The primary election results have not yet been certified, and write-in or provisional ballots could impact some outcomes, such as thin margins in Huntingdon and Potter Counties.
Trump is a leading candidate for the 2024 Republican nomination for president. He, and other candidates, have repeatedly shown they are willing to continue claiming elections are tainted with fraud, even without evidence. That means county commissioners and other local officials in critical swing states such as Pennsylvania could again face pressure to support such claims, especially those who have signaled they are open to supporting them.
In light of that, experts say it’s good news that a majority of the local candidates who promoted false claims and conspiracy theories about elections did not win.
“It felt as if voters in some places clearly prioritized what was important to them in terms of their county leaders, particularly in some of those counties where their commissioners had engaged in election conspiracy theories,” said Jeff Greenburg, a former election director in Mercer County who now works as a senior advisor on election administration for the Philadelphia-based nonprofit Committee of Seventy. “So I think that, in and of itself, was a positive.”
Still, some did win. And most of the 18 winning candidates won primaries in counties where Republicans have a registration advantage over Democrats, meaning those candidates are favorites to win in November as well.
In three counties — Butler, Lancaster, and Schuylkill — candidates who have alleged fraud in elections or expressed doubts about election security are likely to make up a majority of the board of commissioners.
Commissioners determine the locations of voting precincts, set election budgets, hire election directors, and — until state law changes or courts rule differently — make consequential decisions about the rules voters follow, such as whether they can submit a mail ballot via a drop box or if they’re given an opportunity to fix a flawed mail ballot.
Their beliefs about elections will guide those decisions.
Take Lackawanna County Commissioner Chris Chermak, who said mail ballots and drop boxes are convenient but “another way to cheat the system.” Another, Ray D’Agostino, an incumbent Republican commissioner in Lancaster County, has suggested that allowing voters to fix signature and date errors on their mail ballots is a violation of the equal protection clause of the U.S. Constitution’s 14th Amendment.

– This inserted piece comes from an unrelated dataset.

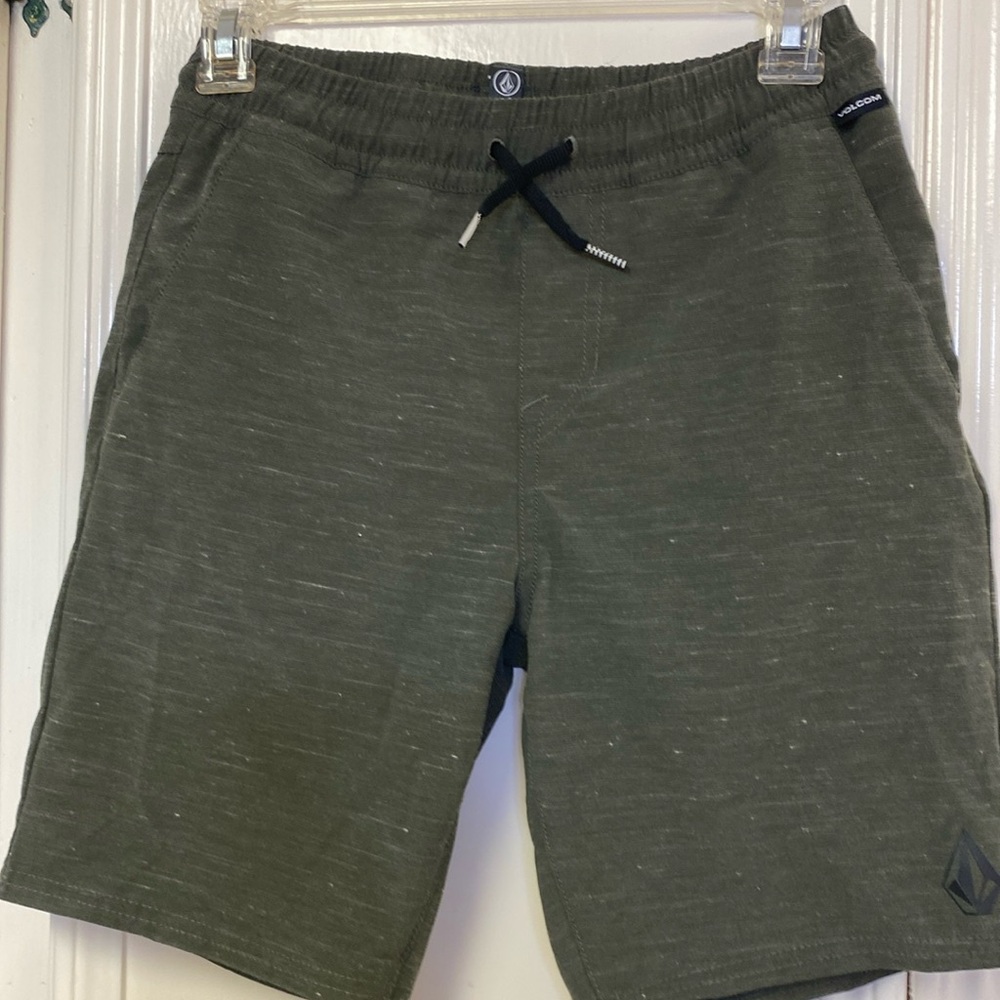 Boys size 10 Volcom understoned elastic waist quick dry shorts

Bradford County Commissioner Doug McLinko has repeatedly boosted Trump’s false claims that the 2020 election was fraudulently won and has helped to organize other activists for the cause.
“I got some good news,” he told a crowd last spring while trying to mobilize an army of poll watchers alongside Trump ally Cleta Mitchell. “Donald Trump did not lose Pennsylvania. He did not lose Pennsylvania.”
Trump did in fact lose Pennsylvania.
Marian Schneider, senior voting rights policy counsel at the ACLU of Pennsylvania, said she’s encouraged that only 18 such candidates won, and believes some of those aren’t assured of victory in November, particularly in counties such as Lancaster, where voter demographics have shifted.
“So the message I want to convey is people really need to understand who is on the ballot and go out and vote,” she said.